My dear friend, strive for holiness. Your internal sexual drives and tendencies can’t define you. Some of us find a great deal of fulfillment in being open and honest to everyone about our sexuality and our choices (and the reasons behind our choices) to live in accordance with Holy Church’s teachings. This is a tremendous witness to the faithful, and those who live by their own rules. Imagine what it must be like for someone who doesn’t know God or the Church to see a man voluntarily accept such a great sacrifice for love of Christ. What a great way to win souls! I personally feel that the degree to which you disclose your sexuality should be determined between you and your spiritual father…hint hint…if you don’t yet have a spiritual father, get one :slight_smile:

Never forget how much God loves and accepts you. He is love. That’s all he knows. Stay pure for Him and for love of His Mother. Pray the Rosary and pray to St. Joseph. Stay close to the sacraments, and the traditional Liturgies of the Church, there is where we can find our strength and sustenance. And never, ever feel like this cross you have been (in some ways blessed) to bear has to stand between you and our Lord. If I have said anything wrong, please forgive me, it’s error on my part. Always stay close to the Church and her Holy Tradition, and check my poor advice against them!

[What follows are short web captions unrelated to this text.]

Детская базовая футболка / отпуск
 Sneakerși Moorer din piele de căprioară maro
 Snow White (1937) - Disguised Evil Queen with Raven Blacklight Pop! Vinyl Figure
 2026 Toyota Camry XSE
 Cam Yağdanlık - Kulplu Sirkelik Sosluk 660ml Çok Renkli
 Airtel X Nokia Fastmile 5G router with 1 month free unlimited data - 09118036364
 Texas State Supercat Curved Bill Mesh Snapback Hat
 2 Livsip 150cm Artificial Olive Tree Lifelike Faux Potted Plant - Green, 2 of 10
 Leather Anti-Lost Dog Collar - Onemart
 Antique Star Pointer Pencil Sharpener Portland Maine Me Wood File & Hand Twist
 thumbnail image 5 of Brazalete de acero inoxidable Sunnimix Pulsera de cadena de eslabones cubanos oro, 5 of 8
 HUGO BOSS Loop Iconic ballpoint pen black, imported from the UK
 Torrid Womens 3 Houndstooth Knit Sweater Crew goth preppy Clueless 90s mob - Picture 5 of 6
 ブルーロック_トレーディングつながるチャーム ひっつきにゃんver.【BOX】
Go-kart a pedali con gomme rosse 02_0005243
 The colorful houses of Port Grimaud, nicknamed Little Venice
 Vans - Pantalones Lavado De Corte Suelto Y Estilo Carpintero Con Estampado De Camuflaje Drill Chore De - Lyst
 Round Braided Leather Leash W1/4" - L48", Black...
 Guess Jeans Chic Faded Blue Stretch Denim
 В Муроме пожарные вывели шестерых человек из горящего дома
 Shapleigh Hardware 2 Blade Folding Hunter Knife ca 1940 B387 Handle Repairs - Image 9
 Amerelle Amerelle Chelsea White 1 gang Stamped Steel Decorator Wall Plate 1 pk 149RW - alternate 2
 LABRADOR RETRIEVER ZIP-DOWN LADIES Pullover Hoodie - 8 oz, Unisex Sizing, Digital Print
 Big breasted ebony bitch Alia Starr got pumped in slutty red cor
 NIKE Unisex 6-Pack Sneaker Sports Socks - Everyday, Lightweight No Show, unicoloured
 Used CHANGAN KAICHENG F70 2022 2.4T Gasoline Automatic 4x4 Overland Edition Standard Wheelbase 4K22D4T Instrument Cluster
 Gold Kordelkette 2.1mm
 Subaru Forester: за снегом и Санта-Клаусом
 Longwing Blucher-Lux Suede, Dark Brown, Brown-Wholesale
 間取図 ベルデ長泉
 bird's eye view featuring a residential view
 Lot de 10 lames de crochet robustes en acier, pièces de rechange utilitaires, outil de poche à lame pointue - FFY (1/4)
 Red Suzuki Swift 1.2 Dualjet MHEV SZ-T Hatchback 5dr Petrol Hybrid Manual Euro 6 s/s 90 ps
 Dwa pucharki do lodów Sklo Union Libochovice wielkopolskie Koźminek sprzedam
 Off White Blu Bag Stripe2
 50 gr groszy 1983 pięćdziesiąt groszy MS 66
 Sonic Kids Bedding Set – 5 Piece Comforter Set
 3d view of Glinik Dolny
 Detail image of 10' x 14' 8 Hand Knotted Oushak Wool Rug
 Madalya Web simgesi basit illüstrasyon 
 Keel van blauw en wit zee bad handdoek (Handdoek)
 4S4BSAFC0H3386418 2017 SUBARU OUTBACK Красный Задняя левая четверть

Please p.m. me, brother, if I can be of any help. As soon as I figure out how to reply, I will :wink:

What wonderful advice! Yes our internal desires do not define us especially disordered sexual desires.God loves us all.

This poor man though does seem to be struggling terribly and needs our prayers too.

Lux,

The best way to be faithful in the closet is not to be in the closet. Hear me out. I do not suggest that you tell everyone you know you are gay, nor that you openly act on your attractions. However, I can tell you from my own personal experience that hiding is not doing you any good.

No one knew I was attracted to other men until I was 22. And it was practically forced out of me, then. But I cannot tell you how freeing it was! It’s the devil that wants to keep us from sharing this struggle with each other, because secrecy is a breeding ground for sin. If you talk to trustworthy people you are close to about what you’re going through, you will break the devil’s plan to pieces.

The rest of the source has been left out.